EXERCISE: Reproduce the listing below in full and without alteration, apart from its pictures.

THE DATA:
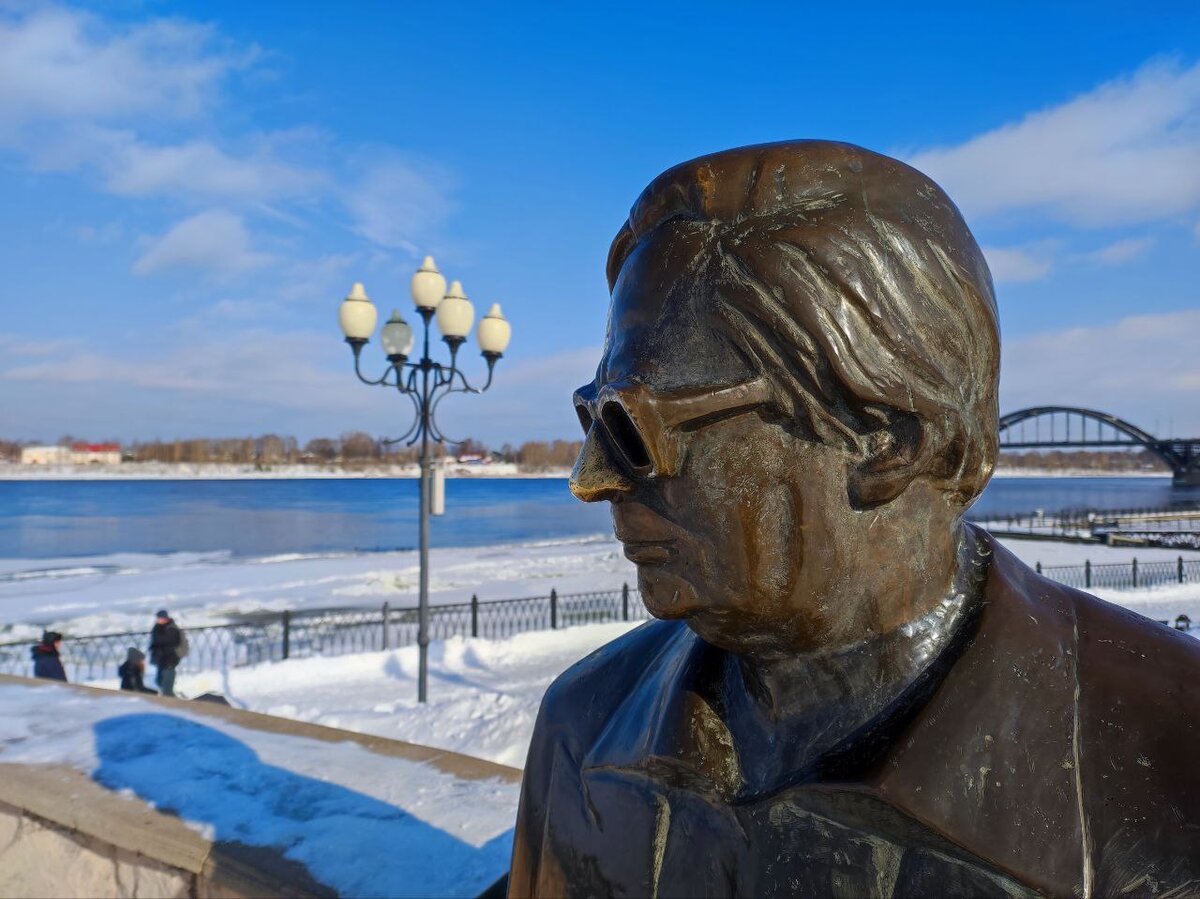 Течет река волга лев иванович. Памятник льву Ошанину. Памятник Остапу Бендеру в Рыбинске. Памятник Ошанину в Рыбинске. Скульптура Остапа Бендера в Рыбинске.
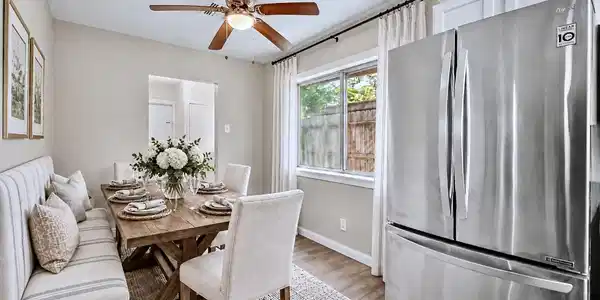 Image 3: A sunny breakfast spot with room for everyday meal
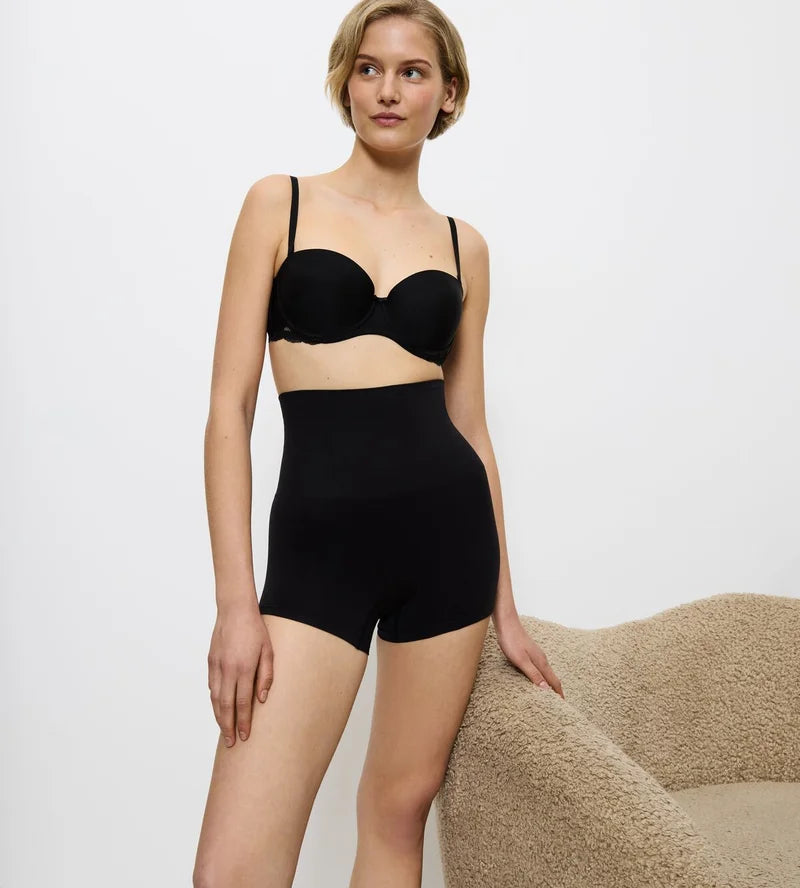 Triumph - Soft Sculpt Bandeau Short Black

EXERCISE RESULT:
 Течет река волга лев иванович. Памятник льву Ошанину. Памятник Остапу Бендеру в Рыбинске. Памятник Ошанину в Рыбинске. Скульптура Остапа Бендера в Рыбинске.
 Image 3: A sunny breakfast spot with room for everyday meal
 Triumph - Soft Sculpt Bandeau Short Black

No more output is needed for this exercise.